● **What to do**
One exact copy of the listing, minus the images, is the required answer.

● **Dataset records**
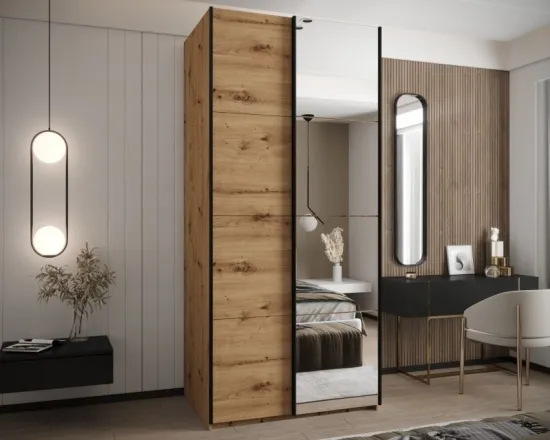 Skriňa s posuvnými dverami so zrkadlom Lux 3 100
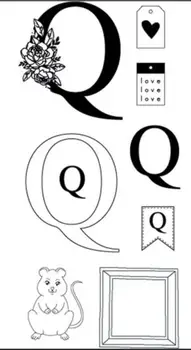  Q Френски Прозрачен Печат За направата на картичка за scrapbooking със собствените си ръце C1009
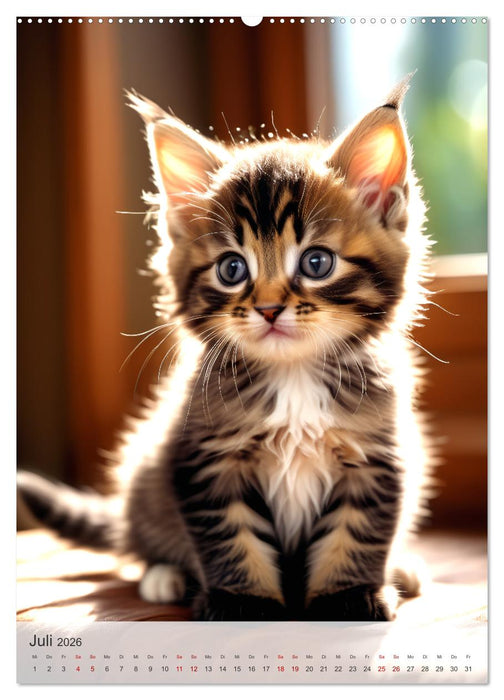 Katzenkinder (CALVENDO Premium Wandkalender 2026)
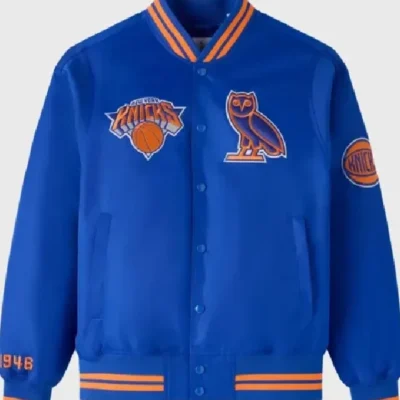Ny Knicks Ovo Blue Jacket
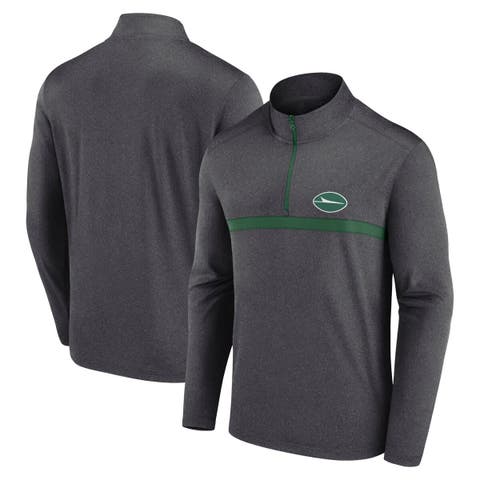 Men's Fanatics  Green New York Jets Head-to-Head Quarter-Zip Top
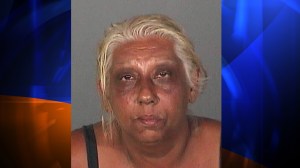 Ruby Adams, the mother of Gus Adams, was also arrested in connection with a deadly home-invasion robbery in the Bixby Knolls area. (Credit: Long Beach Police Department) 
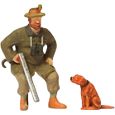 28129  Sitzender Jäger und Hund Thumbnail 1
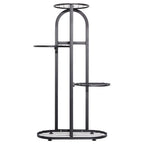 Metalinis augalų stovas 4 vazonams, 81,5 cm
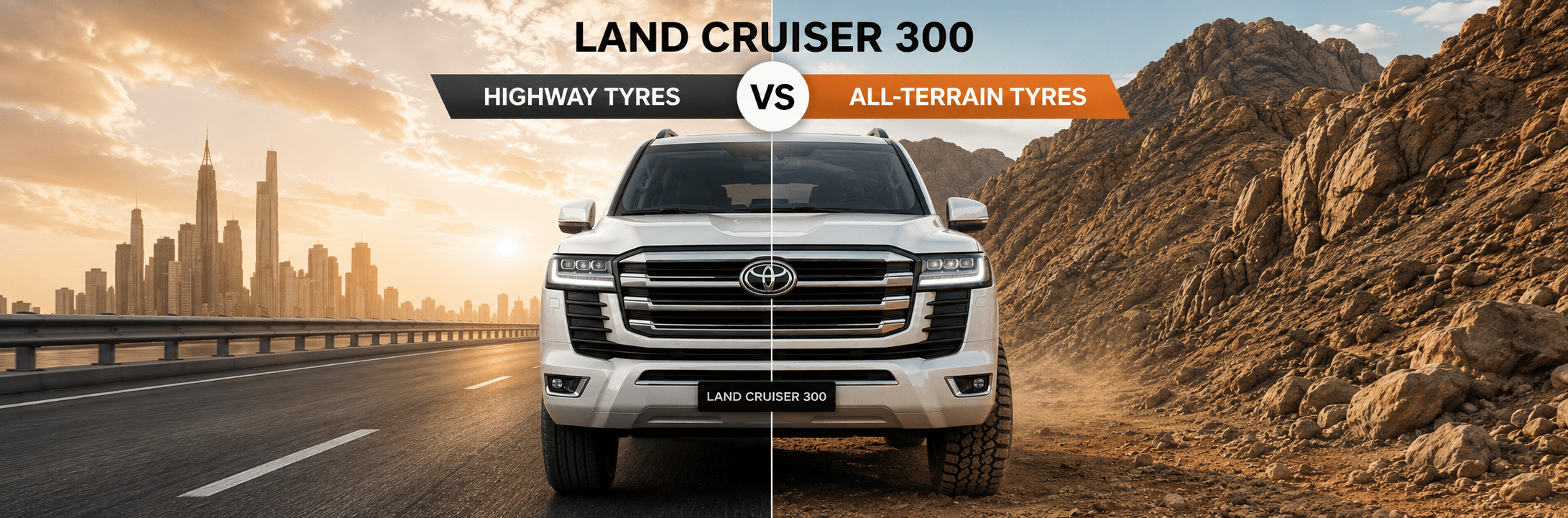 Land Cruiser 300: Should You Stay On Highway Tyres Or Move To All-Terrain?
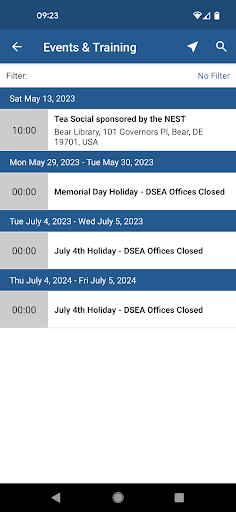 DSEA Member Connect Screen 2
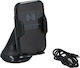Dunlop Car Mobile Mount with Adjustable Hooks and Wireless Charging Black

● **Completed exercise**
 Skriňa s posuvnými dverami so zrkadlom Lux 3 100
  Q Френски Прозрачен Печат За направата на картичка за scrapbooking със собствените си ръце C1009
 Katzenkinder (CALVENDO Premium Wandkalender 2026)
Ny Knicks Ovo Blue Jacket
 Men's Fanatics  Green New York Jets Head-to-Head Quarter-Zip Top
 Ruby Adams, the mother of Gus Adams, was also arrested in connection with a deadly home-invasion robbery in the Bixby Knolls area. (Credit: Long Beach Police Department) 
 28129  Sitzender Jäger und Hund Thumbnail 1
 Metalinis augalų stovas 4 vazonams, 81,5 cm
 Land Cruiser 300: Should You Stay On Highway Tyres Or Move To All-Terrain?
 DSEA Member Connect Screen 2
Dunlop Car Mobile Mount with Adjustable Hooks and Wireless Charging Black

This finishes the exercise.